- The Washington Times - Saturday, December 22, 2012

Kedric Golston got all too used to playing out the string on some bad Washington Redskins teams during his NFL career. He has the mentality down pat.

“It’s about being a professional. A coach told me a long time ago if somebody comes over your house to re-do your cabinets, you don’t care how they feel, you don’t care what’s going on,” the defensive lineman said. “You just want your cabinets done professionally.”

When the Philadelphia Eagles open the 2013 season, they’ll have football’s version of new cabinets and probably a brand new kitchen: They’ll most likely have a new coach and a new direction.

For now, the Eagles are a disappointing 4-10 and still have Andy Reid calling the shots. Sunday’s game against the Redskins could be the last at Lincoln Financial Field under Reid and the end of an era in Philadelphia.

“You know, I really don’t know what is going to happen. I just think the world of Andy and how he’s handled himself, how hard he’s worked, what he has done for our game. He is just a class act,” Redskins coach Mike Shanahan said. “He went through a difficult year this year with his family. I can’t think of anybody that has handled that better than he has and he is just a pro’s pro and I got a lot of respect for him.”

Reid’s son Garrett was found dead during training camp at Lehigh University in August, the result of an accidental heroin overdose. That tragedy makes anything football pale in comparison for the 14-year Eagles coach.

On the field, this season that began with high expectations sputtered thanks to an eight-game losing streak, including a 31-6 drubbing Nov. 18 at the hands of the Redskins.

“None of us want to lose football games. That’s for sure. The family situation, that’s separate, you don’t want that to happen, either,” Reid said on a conference call with Washington media this week. “I’m surrounded by a bunch of good people and that’s made it better, or as good as it could be.”

If Reid is indeed fired at the end of the regular season, a couple of more milestones await him and the Eagles. Dec. 30 at the New York Giants would be his final game on the sideline.

But Sunday is the home fans’ final chance to see Reid close-up. As coach, he has led the Eagles to seven NFC East titles, nine playoff appearances and one trip to the Super Bowl.

Like Shanahan, Reid isn’t sure what will happen Sunday afternoon.

“I don’t know what to expect. I’m so focused on the Redskins that I really haven’t gone there with that,” Reid said. “I know the fans have been great. As far as my situation goes with family and that, they’ve been phenomenal, but they want to win football games just like we all do. I understand that part, too.”

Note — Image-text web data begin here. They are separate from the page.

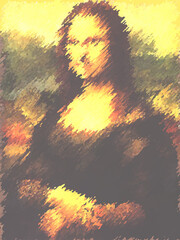 an abstract version of the painting by Leonardo Davinci Mona Lisa.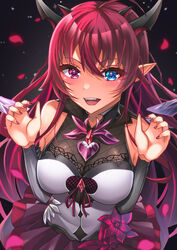  ahoge bare_shoulders black_background blue_eyes blue_hair blush breasts breasts_squeezed_together cleavage collarbone crystal_wings detached_sleeves detached_wings fangs female flower from_above hair_between_eyes heterochromia highres hololive hololive_english horns irys_(hololive) irys_(irys_1.0)_(hololive) lace_trim large_breasts long_hair looking_at_viewer multiple_horns open_mouth petals pleated_skirt pointy_ears purple_eyes purple_hair purple_nails see-through simple_background skirt smile thick_eyelashes upper_body very_long_hair virtual_youtuber wings zacky 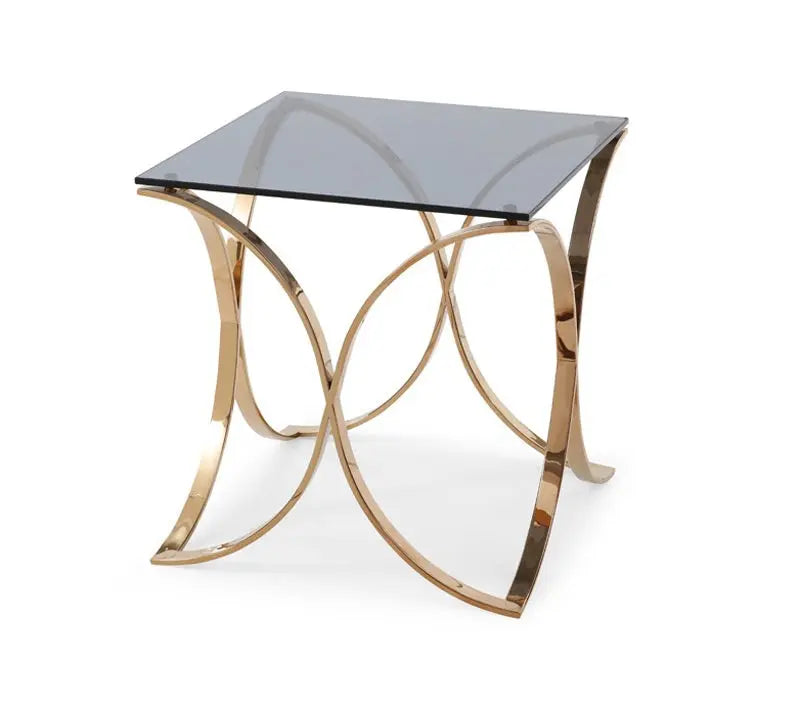 Vig Furniture - Modrest Reklaw Modern Smoked Glass & Rosegold End Table - Vgvcet836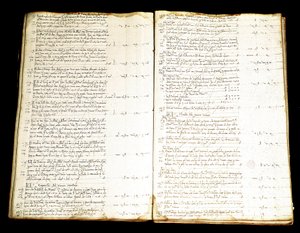 Doppia pagina di un registro contabile della famiglia Priuli della nobiltà veneziana, ricchi commercianti con l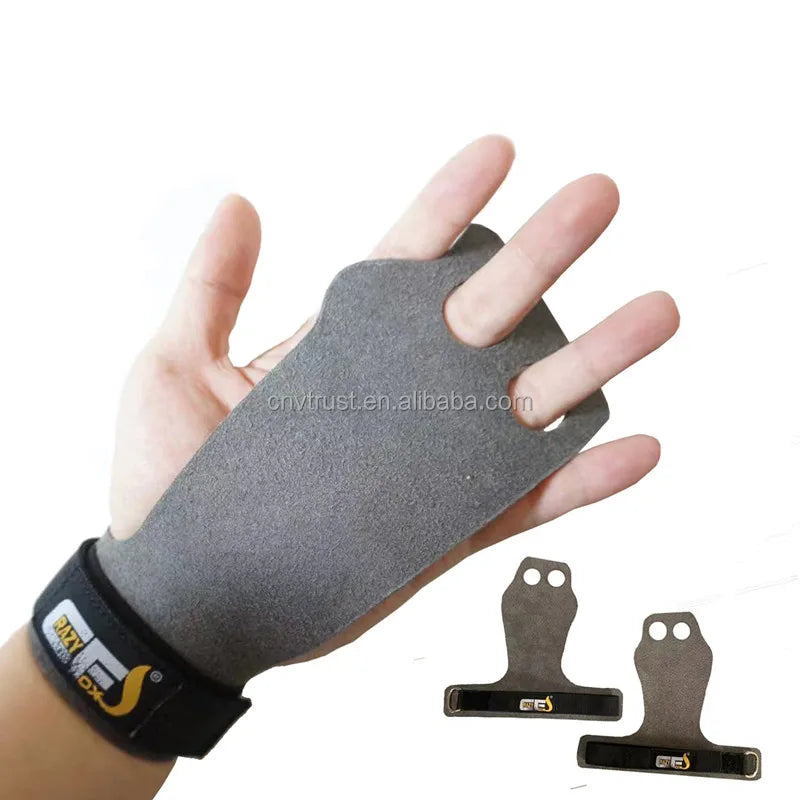 2 Hole Hand Grips Gym Fitness Carbon Cross Fit Gymnastics Hand Grips Microfiber Leather Cow Leather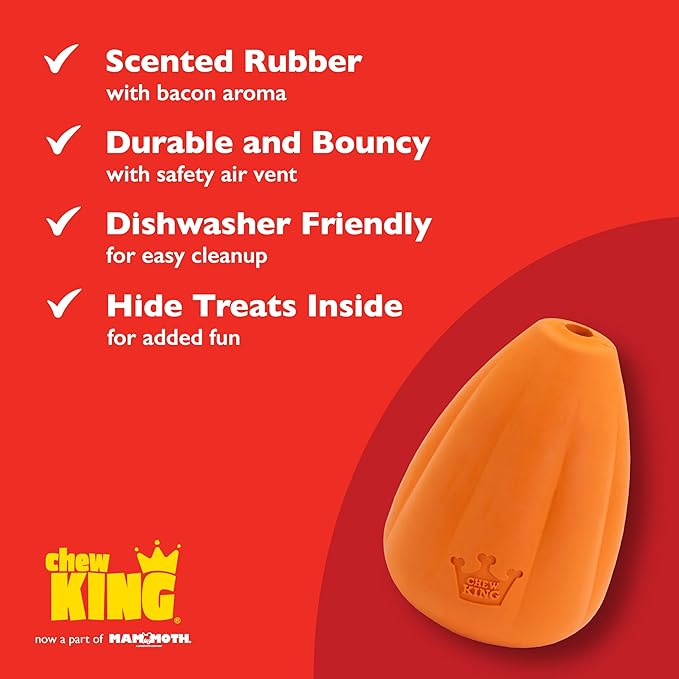 Chew King by Mammoth Premium Treat Dispensing Dog Toy, Durable Natural Rubber Chew Toy with Bacon Flavor, Safety Air Vent, Interactive Enrichment Toy for Aggressive Chewers, XL - Orange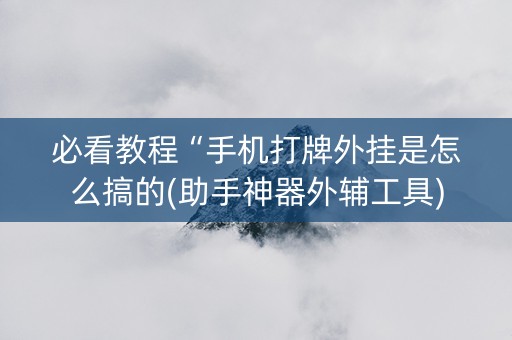 必看教程“手机打牌外挂是怎么搞的(助手神器外辅工具)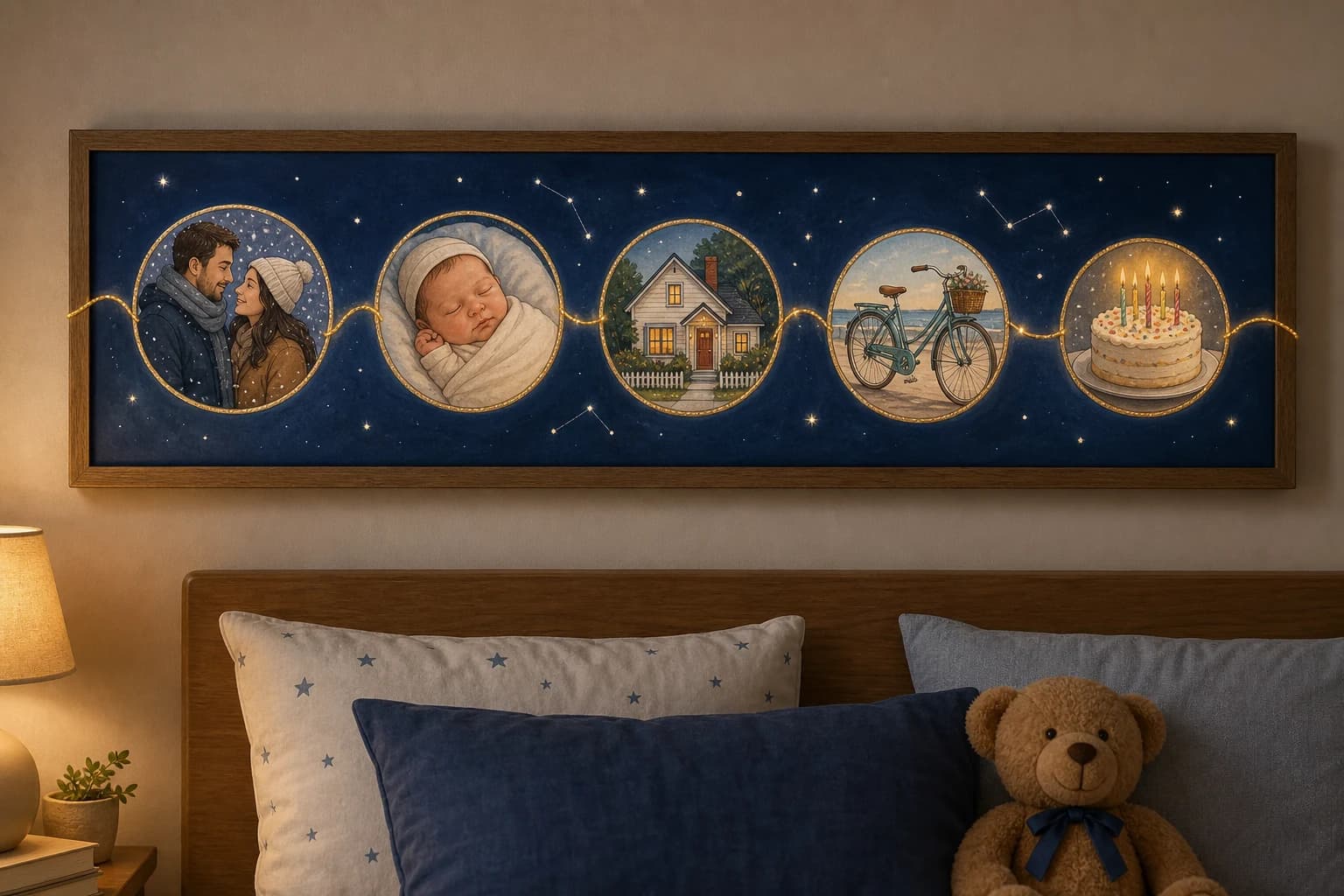 Illustration d'un long poster encadré où un fil doré relie des médaillons de moments familiaux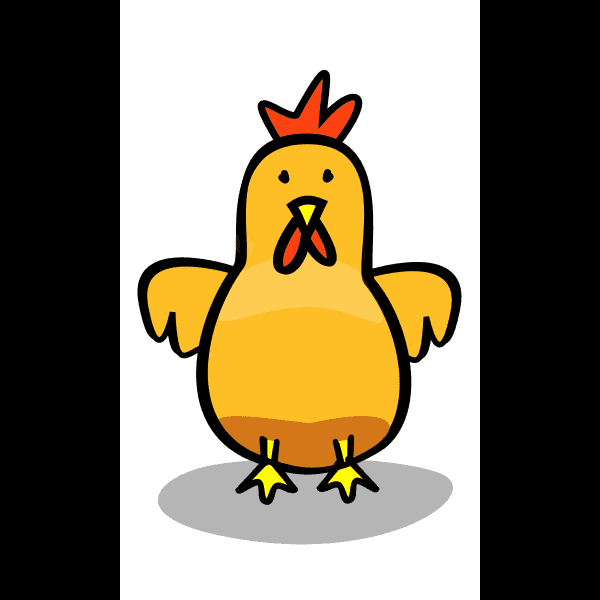 Orange Cute Chicken Standing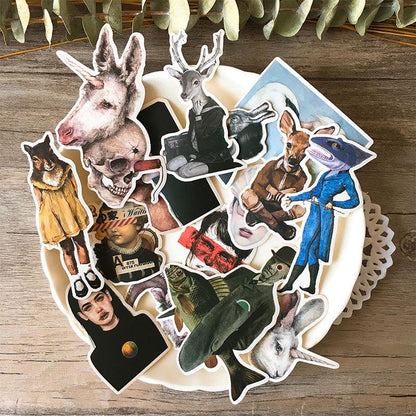 Surreal Animal & Human Stickers - Unique Fantasy Designs for Scrapbooking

Philadelphia has won 130 regular-season games with Reid at the helm. This year hasn’t been anything special, but Redskins players remain wary.

“Going into Philly is always hard. They’re going to play you hard, they’re going to fight hard,” wide receiver Pierre Garcon said. “Those guys are NFL players, there’s a lot of jobs on the line so they’re going to give it everything they have if this their last home game [under Reid], they’re going to play as hard and do their best.”

Several Redskins veterans know how Eagles players feel right now with no playoff aspirations to play for.

“They’re going to come out and try and play spoiler. We’ve been in that position around here for a while, just playing for nothing and we spoiled a couple seasons,” linebacker Rob Jackson said. “Misery loves company. So if you’re not playing for anything or you’re not going to the playoffs, you want the other teams to be in the same position as you are.”

With the Redskins at 8-6 and in control of their playoff fate, it’s unlikely that this team will be in a similar position to the Eagles under Reid anytime soon. Shanahan’s long-term plan appears to be working, as Reid’s was in the early 2000s with Donovan McNabb.

Those glory days are gone, as are Michael Vick’s days as the starting quarterback. Since Vince Young called the Eagles a “dream team” before the 2011 season, the past two years have been a nightmare with no playoffs, a couple of assistant coach firings and plenty of embarrassment.

Even with a showdown with a Week 17 showdown against the Dallas Cowboys looming with the NFC East potentially at stake, Golston insisted the Redskins aren’t looking past the lowly Eagles.

“I got a lot of respect for that organization and Andy Reid and so I know he’ll have his team prepared,” he said. “I think if you allow yourself to get caught up in that they don’t have anything to play for then you won’t prepare the way you need to prepare to win a game.”

While the Redskins prepare, the Eagles brace for change. But left tackle Trent Williams cautioned that “no game will be a walk in the park.”

As a team with everything to play for, that’s something the Redskins cannot forget.

“The Eagles have a lot of talent on their team, man. By no way we can underestimate them,” defensive end Stephen Bowen said. “We’ve just got to keep taking care of business.”